1942’de New York’da açılan Sürrealizm’in İlk Belgeleri sergisinde galerinin boşluğunu iplerle örerek, içine girilmez hale getiren Marcel Duchamp duvarda asılı duran yassı tuvalleri iptal etmiş oldu bir bakıma. Yassı nesneleri ayıran boşluğu ya da espası iplerle örerek, üç boyutlu gerçek bir mekânın toplumsal ilişkilerle nasıl kurulacağını göstermişti bize.

Metaların yassı düzleminin, duygusuz, derinliksiz boşluğunun, duygusal bağlar yaratan armağanlaşmayla üç boyutlu, ilişkisel bir mekâna dönüşeceğinden söz ediyordu antropolog Claude Lévi-Strauss. Fransa’nın güneyindeki ucuz lokantalarda, uzun ve müşterek bir masaya oturan müşterilerin, tabaklarının yanına birer tane mütevazı şarap şişesi konurmuş. Yemek başlamadan önce, müşterilerden biri önündeki şarapla kendi kadehini değil, yanında oturan kişinin kadehini doldurur. Yanında oturan da bunun karşılığında onun boş kadehini doldurarak aynı hareketi yineler. Boşluğun içinde önceden varolmayan bir topluluk yaratılır böylece. Ötekiyle masada kurduğu şarap ilişkisi, armağanlaşma, tüketici tablosunun yassı düzlemindeki bireyleri birbirinden ayıran boşluğu iptal ederek, sohbetin koyulaşmasına ve toplumsal bağların kurulması yol açar.

Mönitörün yassı ekranında örgütlenip, 7-8 mart tarihlerinde gerçek mekânların içinde gerçekleşecek bir eylemden söz ederek bitirelim yazıyı. “Sanatın Eylemi” başlığı altında örgütlenen sanatçılar, bu yassı ülkede başına olmadık işler gelen Pınar Selek için, insanlık için adalet talep edecekler.

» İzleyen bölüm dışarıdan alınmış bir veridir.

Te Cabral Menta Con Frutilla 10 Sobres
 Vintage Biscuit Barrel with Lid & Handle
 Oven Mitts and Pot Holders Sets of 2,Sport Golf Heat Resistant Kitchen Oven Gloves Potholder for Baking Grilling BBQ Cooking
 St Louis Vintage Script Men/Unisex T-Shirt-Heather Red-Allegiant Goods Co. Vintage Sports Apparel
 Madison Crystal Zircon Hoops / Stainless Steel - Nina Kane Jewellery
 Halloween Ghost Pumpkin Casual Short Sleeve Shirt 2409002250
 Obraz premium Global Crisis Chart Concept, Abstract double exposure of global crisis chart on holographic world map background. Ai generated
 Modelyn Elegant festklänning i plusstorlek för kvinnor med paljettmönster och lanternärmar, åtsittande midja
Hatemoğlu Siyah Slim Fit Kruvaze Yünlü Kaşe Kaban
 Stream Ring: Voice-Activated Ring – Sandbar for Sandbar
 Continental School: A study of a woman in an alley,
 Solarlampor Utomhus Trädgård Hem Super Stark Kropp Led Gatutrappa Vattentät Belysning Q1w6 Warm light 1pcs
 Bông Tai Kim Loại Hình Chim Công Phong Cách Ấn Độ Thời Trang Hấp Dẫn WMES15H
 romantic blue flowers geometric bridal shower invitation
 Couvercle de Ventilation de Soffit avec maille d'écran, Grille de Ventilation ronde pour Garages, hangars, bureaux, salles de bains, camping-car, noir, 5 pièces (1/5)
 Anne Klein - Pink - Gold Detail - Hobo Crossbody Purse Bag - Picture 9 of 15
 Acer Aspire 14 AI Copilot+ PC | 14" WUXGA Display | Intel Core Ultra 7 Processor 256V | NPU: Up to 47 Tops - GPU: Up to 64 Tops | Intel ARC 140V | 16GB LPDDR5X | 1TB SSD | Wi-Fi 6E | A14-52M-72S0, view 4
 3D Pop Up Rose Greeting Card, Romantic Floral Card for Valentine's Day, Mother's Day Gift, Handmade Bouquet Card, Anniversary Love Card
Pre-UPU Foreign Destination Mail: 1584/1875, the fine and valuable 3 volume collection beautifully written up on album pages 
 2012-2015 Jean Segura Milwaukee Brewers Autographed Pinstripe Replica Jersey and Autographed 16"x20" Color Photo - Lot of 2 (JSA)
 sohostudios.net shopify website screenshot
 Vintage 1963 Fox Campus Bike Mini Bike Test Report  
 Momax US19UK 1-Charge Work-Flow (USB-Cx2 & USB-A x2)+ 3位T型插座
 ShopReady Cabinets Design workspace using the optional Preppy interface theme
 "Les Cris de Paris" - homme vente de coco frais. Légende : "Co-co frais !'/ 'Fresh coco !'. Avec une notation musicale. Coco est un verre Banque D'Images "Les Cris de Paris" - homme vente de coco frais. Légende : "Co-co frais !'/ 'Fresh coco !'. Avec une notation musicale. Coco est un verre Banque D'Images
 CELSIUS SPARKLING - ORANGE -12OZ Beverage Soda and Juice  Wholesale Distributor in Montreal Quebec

Her ne kadar günümüzde metalaşsa da sanat bir armağandır. İki gün boyunca farklı mekânlarda gerçekleştirilecek eylemlerle bir tür armağanlaşma ortamı yaratılacak; yassı figürlerin çok boyutlu öznelere dönüşmesine tanıklık edeceğiz.

Not: “Pınar için İnsanlık için Adalet, Adalet, Adelet” girişiminin açık havada, kafelerde ve atölyelerde düzenleyeceği etkinlikleri monitörünüzün yassı ekranından takip edebilirsiniz.